Ideally all video sources should be displayed in their original format.

>>>>I've heard mixed comments re the 100hz TVs sold in Europe.
>>>
>>>This is because they are mainly used to convert 576/50i to 576/100i
>>>- with no real progressive conversion. Some (Philips Natural Motion)
>>>even convert material (like film) sourced 576/25p, but broadcast
>>>576/50i, to 576/100i by interpolating in-between fields, giving the
>>>whole film sequence a really fluid "video" look. Very disconcerting
>>>- and the total opposite of what many producers are now doing
>>>(shooting video at 576/50i but reducing the temporal resolution in
>>>post-production to 576/25 to give a "film" look)...
>>>
>>>One problem is that it is difficult to buy a direct view CRT set with
>>>external 576/100i or 1080/50i inputs in the UK - so you are
>>>dependent on the internal processing architecture - and can't chose
>>>your own.
>>
>>Has their been much interest in progressive-scan DVD players in the
>>UK?
>
> Not huge amounts - though quite a few players are available. However there
> are very few 50p CRT sets on the market. Prog scan DVDs are mainly used
> with inherently progressive display devices that can't display interlace
> native - plasmas, DLPs, LCDs etc - which have 576/50p input compatibility.
>
> However the vast majority of TV sales in the UK are still direct-view CRTs -
> predominantly in the sub 28" diagonal. However increasingly >21" sets sold
> are 16:9 CRT shape - it is very difficult to buy a 4:3 set bigger than 21"
> in most UK stores these days. 32" is the largest mass market 16:9 CRT -
> though 36"ers are now on offer.
>
> Plasmas are growing in popularity, though like projectors they are still
> quite niche.
>
>>I'm aware of them being marketed but, as you say, without compatible
>>displays their use would be limited.
>
> 100i rather than 50p is the marketing thing for direct-view CRTs in the UK.
> Annoying as I would rather watch an unprocessed 50i picture - but it is
> difficult to buy a high-end TV without processing to 100i now... (And only
> the higher end sets have multiple RGB inputs etc.)
>
>>>>Obviously they would eliminate the flicker
>>>>associated with 50hz; however, if the rescaling (especially for
>>>>interlace-video sourced material) is not done well the results might
>>>>be less than stellar.
>>>
>>>The interpolation, motion compensation/tracking etc. used to
>>>generate twice the number of fields is the real problem with
>>>European 100Hz sets.

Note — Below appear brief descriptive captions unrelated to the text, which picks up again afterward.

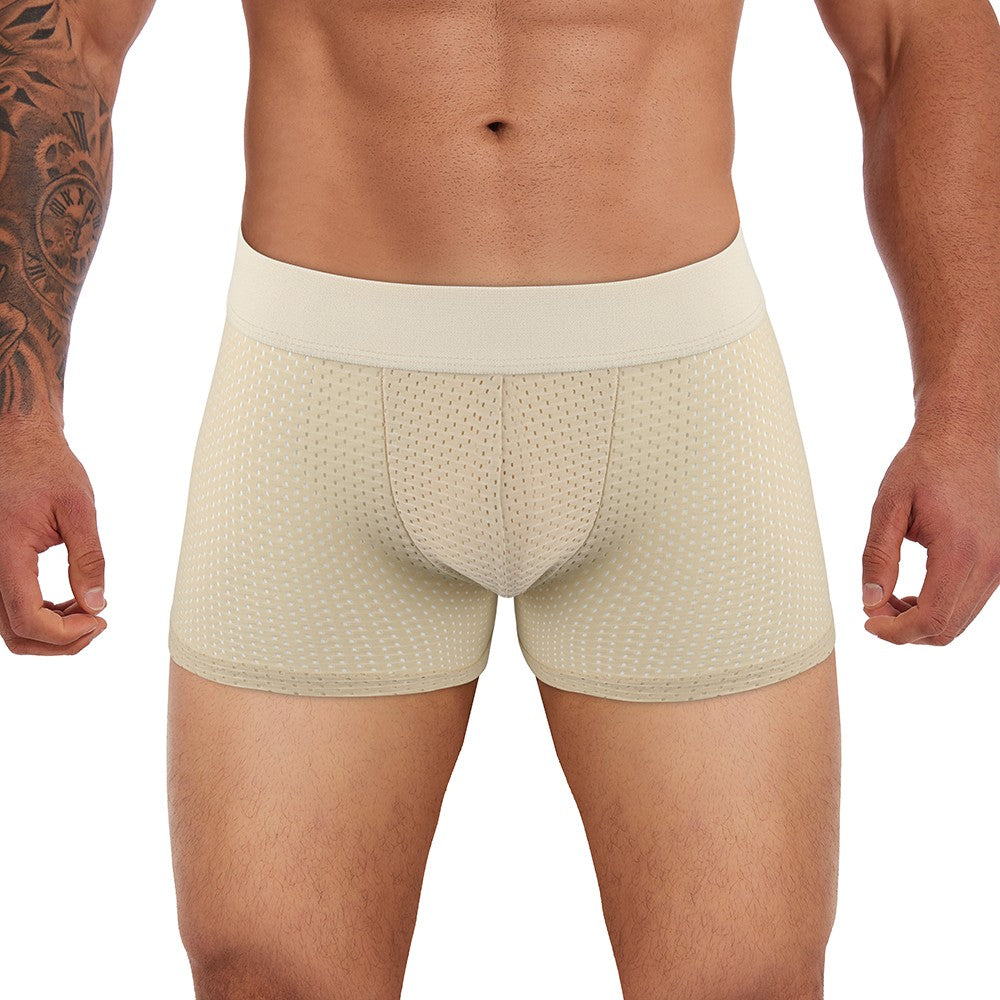 Men Hip Lift Body Shaper Sponge Fake Butt Padded Boxer Briefs Hollow out Breathable Slimming Underwear Body Shaping Enhancement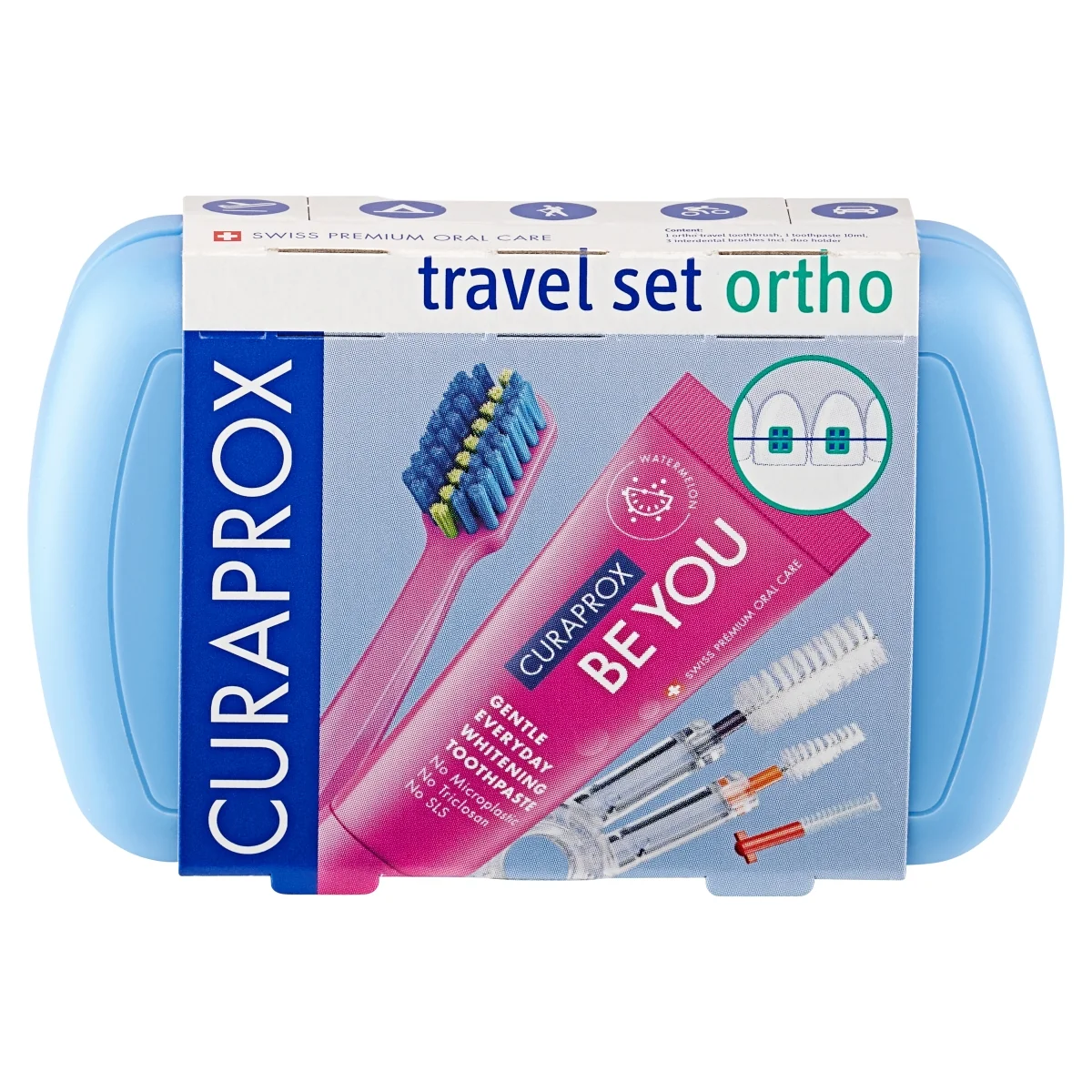 Curaprox Travel Set Ortho podróżny zestaw ortodontyczny niebieski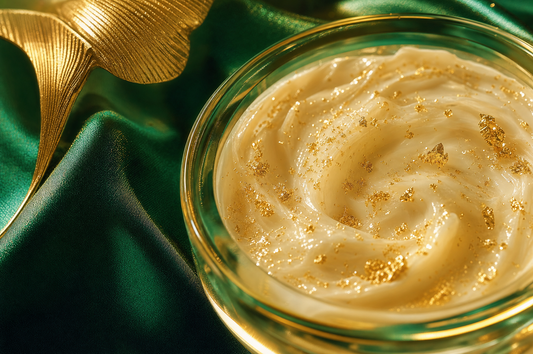 Micro-fine gold flakes in ivory skincare cream on emerald silk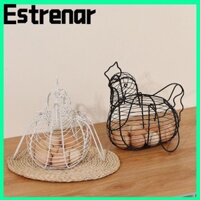 Giỏ đựng trứng ESTRENAR, Hộp đựng trứng hình gà nghệ thuật bằng sắt, Hộp đựng rau củ đen trắng chất lượng cao Hộ gia đình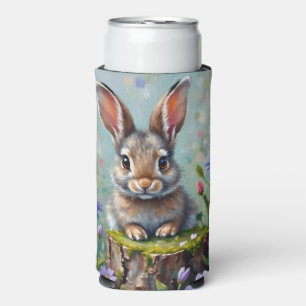 Fluffy Rabbit in a Field of Flowers Seltzer Can Cooler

You get smearing on fast motion, nasty overly
>>>vicious noise reduction, enhancement of MPEG2 blocking and HF
>>>artefacts etc. introduced on DVD, DSat and DTT transmissions. The
>>>RGB interconnects commonly used between DVD / Digital TV set top
>>>boxes and European TVs means that some of the MPEG2 artefacts that
>>>would be hidden by PAL (or NTSC) composite or S-video encoding
>>>aren't - so you see more of the coding errors.
>>
>>Rescaling is always a balancing act. If the source is technically
>>poor it will likely look worse on a high-resolution display.
>
> Yep - though a lot of 100Hz introduces as many artefacts as it also exposes!
>
>>If new display formats eliminate flicker associated with PAL (even
>>NTSC) and do so without compromising other technical aspects this is
>>the way to go IMO.
>
> Technically the flicker is nothing to do with PAL - that is only the chroma
> standard!
>
> I think you have to divorce your display rate and your broadcast rate don't
> you?
>
> I think that we'd be best suited eventually moving to 1080/25p and 1080/50p
> broadcast standards - display on direct CRTs would be at 100i (with
> interlace artefacts at 50Hz) - but display on plasma, DLP, LCD etc would be
> at 50p without major flicker (as the flicker is more a CRT scanning raster
> thing which isn't inherent in other display technologies?)
>
>>Someone has even suggested a 120hz standard for American HDTV which
>>would be fully compatible with both legacy 60hz NTSC video and all
>>movies and 24fps film-sourced TV series (for which each frame would be
>>shown five times, eliminating 3:2 pulldown artifacts).
>
> Yep - presumably retaining 24p and 60i/p transmission systems and only
> up-converting to 120p or i in the display device by frame repetition?

Exactly. Movies would be should with each frame repeated five times.
NTSC sources would be line doubled and frame doubled.

>>My major issue with 50hz standards is the excess flicker for standard
>>displays, and the fact that all movies and film-sourced American TV
>>series must be speeded up which may cause serious audio compromise.
>
> Have you watched 50i or 25p material on a non-CRT device?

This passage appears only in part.